Мне очень хреново, и я звоню ему, хотя идет дождь, и говорю, что мы можем встретиться. Мы бредем через черный мокрый центр и азартно говорим о необязательном. Собственно, необязательно все, кроме стекла между нами. Да, собственно, и стекла-то нет. Просто надо делать вид, что оно есть, потому что мы оба — эмоциональные наркоманы.
...В Доме литераторов — а куда еще можно деться вечером, чтобы вокруг не хамили и не стреляли, — вечер молодых дарований, и мы устраиваемся на галерке, на каком-то столе.
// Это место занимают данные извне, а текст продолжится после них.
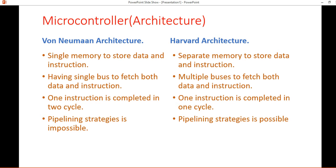The third difference is how many cycles are needed to complete one instruction. In von Neumann, one instruction is completed in two cycles, but in Harvard one instruction is completed in a single cycle. Also, pipelining is impossible in von Neumann but pipelining is possible in Harvard. Thank you so much — if you like this video please subscribe to my YouTube channel.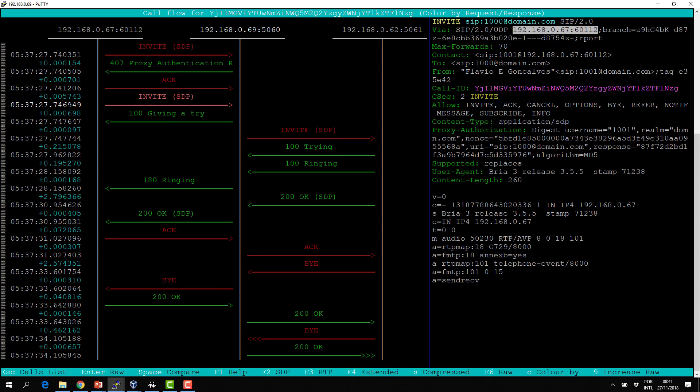Responses are 100 Trying, 180 Ringing, 200 OK. ACKs and BYEs are not responses — they are sequential requests. A reply always has a number. We also have the branch parameter — branch defines the transaction. The first part is the magic cookie, the same for all requests, and the rest of the number is the actual transaction number.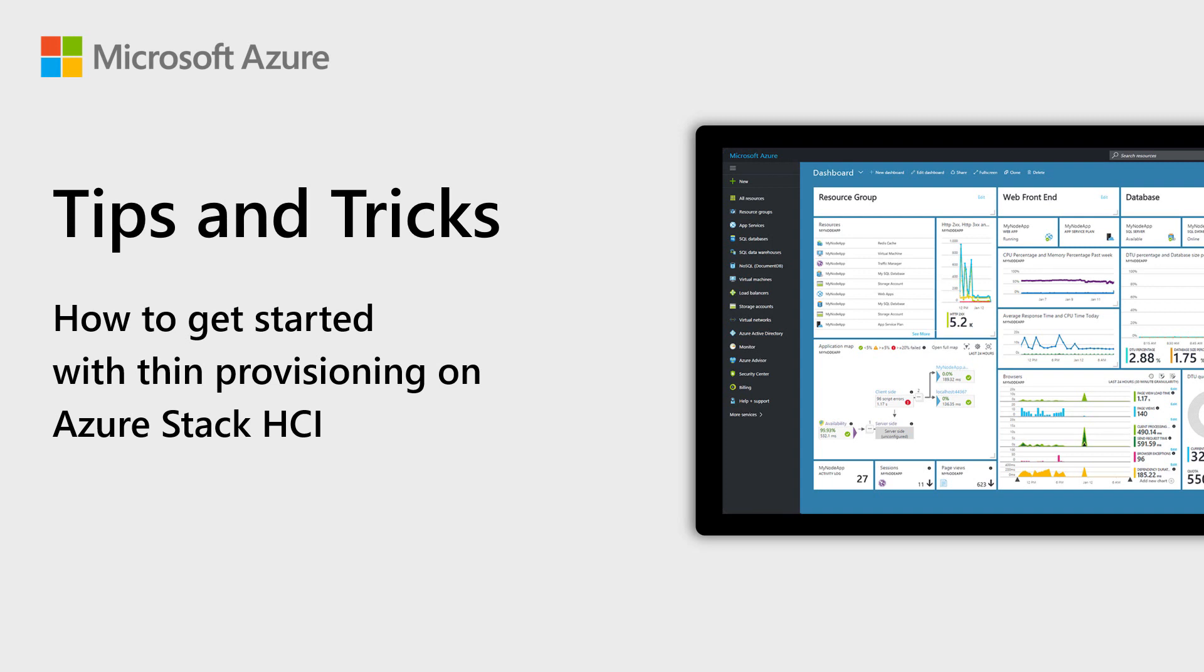Welcome to Azure Tips and Tricks. In this episode, we will create a new volume for Azure Stack HCI with Thin Provisioning.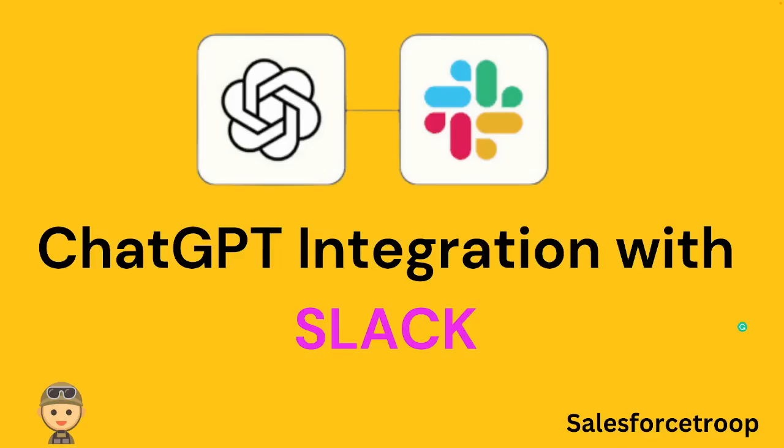Hello friends, for this video I'll show you a ChatGPT integration with Slack. I have built a Slack app that takes the input, calls the ChatGPT API, and gives us the response back to Slack. So let's go and look at the demo.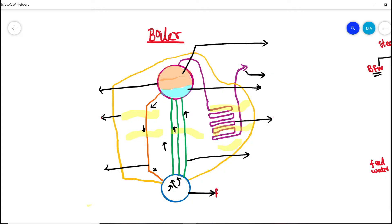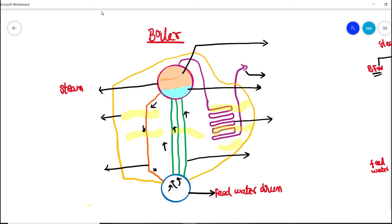This is basically a boiler internal arrangement — a water tube boiler. At the bottom, you can see the feed water drum, sometimes called the mud drum. At the top side, we have a steam drum, which contains both hot water and steam.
Он наклоняется, что-то шепчет, его волосы падают мне на щеку, я не могу ответить, потому что синтаксис уходит из-под ног... и мы находимся в таком плотном силовом поле, что пространство скручивается на нас, как горящая с краев бумага к середине. И я не знаю, как управиться со всей центробежной и центростремительной энергией влечения, и вспоминаю про свой литературный мундир, и набрасываю его на одно плечо, хотя шит он для ношения в совсем другие места. И зачем-то начинаю комментировать вечер с цеховым остроумием человека из обоймы, совершенно не сообразив, что Париж — такая же провинциальная литературная тусовка, как, например, Саратов, с той же местечковой этикой убиванья новичков и совковой вседозволенностью паханов.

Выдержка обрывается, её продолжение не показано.